Complete step by step solution:
We are given a trigonometric equation $ {\sin ^2}A = \cos A - 1 $ and we have to find the solution
 $ {\sin ^2}A = \cos A - 1 $
Using the trigonometry $ {\sin ^2}x = 1 - {\cos ^2}x $ to replace $ {\sin ^2}x $ from the equation ,we get
 $ 1 - {\cos ^2}A = \cos A - 1 $
Rearranging the terms in the standard quadratic form $ a{x^2} + bx + c $
 $ {\cos ^2}A + \cos A - 2 = 0 $
Factoring the above quadratic equation by using the middle term splitting method by splitting $ \cos A\,as\,2\cos A - \cos A $ . Our equation now becomes
 $ {\cos ^2}A + 2\cos A - \cos A - 2 = 0 $
Pulling out common from first two terms and last two terms
 $ \cos A\left( {\cos A + 2} \right) - 1\left( {\cos A + 2} \right) = 0 $
Finding the common binomial parenthesis, the equation becomes
 $ \left( {\cos A + 2} \right)\left( {\cos A - 1} \right) = 0 $ ----(1)
Dividing both sides of equation with $ \left( {\cos A - 1} \right) $ , we have
 \[
  \dfrac{1}{{\left( {\cos A - 1} \right)}} \times \left( {\cos A + 2} \right)\left( {\cos A - 1} \right) = 0 \times \dfrac{1}{{\left( {\cos A - 1} \right)}} \\
  \left( {\cos A + 2} \right) = 0 \\
  \cos A = - 2 \;
 \]
Since the range of cosine function is in the interval $ \left[ { - 1,1} \right] $ so the above is not possible
Now dividing the equation (1) with \[\left( {\cos A + 2} \right)\] , we get
 \[
  \dfrac{1}{{\left( {\cos A + 2} \right)}} \times \left( {\cos A + 2} \right)\left( {\cos A - 1} \right) = 0 \times \dfrac{1}{{\left( {\cos A + 2} \right)}} \\
  \left( {\cos A - 1} \right) = 0 \\
\Rightarrow \cos A = 1 \\
  A = {\cos ^{ - 1}}\left( 1 \right) \;
 \]
The value of A is an angle having cosine value 1. Since we know $ \cos 0 = 1 \to 0 = {\cos ^{ - 1}}\left( 1 \right) $ .
And we know the period of cosine function is $ 2\pi $ as it repeats itself after every $ 2\pi $ interval.
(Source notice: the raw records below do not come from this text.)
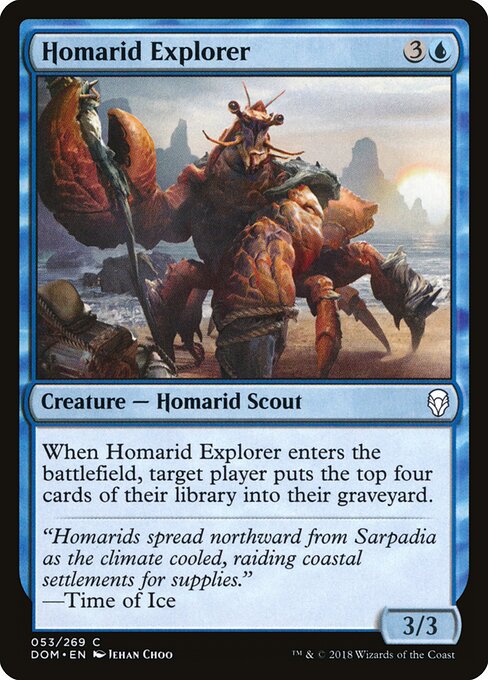Homarid Explorer — Front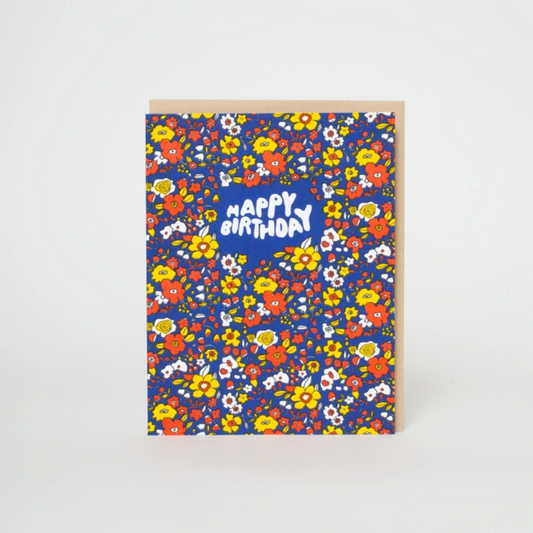 Calico Happy Birthday Card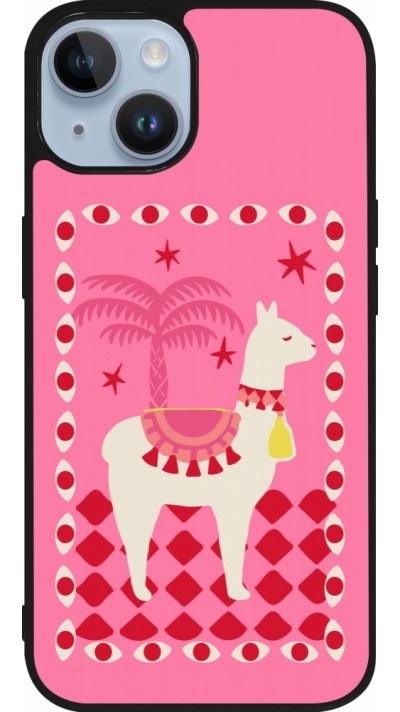 iPhone 15 Case Hülle - Silikon schwarz Alpaca 2026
We have value of A as
 \[A = 2n\pi \] where n is any integer value
Therefore the solution of the given trigonometric equation is \[A = 2n\pi \] , n is any integer.
So, the correct answer is “ \[A = 2n\pi \] ”.

Note: Quadratic Equation: A quadratic equation is a equation which can be represented in the form of $ a{x^2} + bx + c $ where $ x $ is the unknown variable and a,b,c are the numbers known where $ a \ne 0 $ .If $ a = 0 $ then the equation will become linear equation and will no more quadratic .
1.One must be careful while taking values from the trigonometric table and cross-check at least once to avoid any error in the answer.
2. Period of cosine function is $ 2\pi $ .
3. The domain of cosine function is in the interval $ \left[ {0,\pi } \right] $ and the range is in the interval $ \left[ { - 1,1} \right] $ .
2.Don’t forget to rearrange quadratic equations in the standard form.
3. Write the factors when the middle term is split using the proper sign.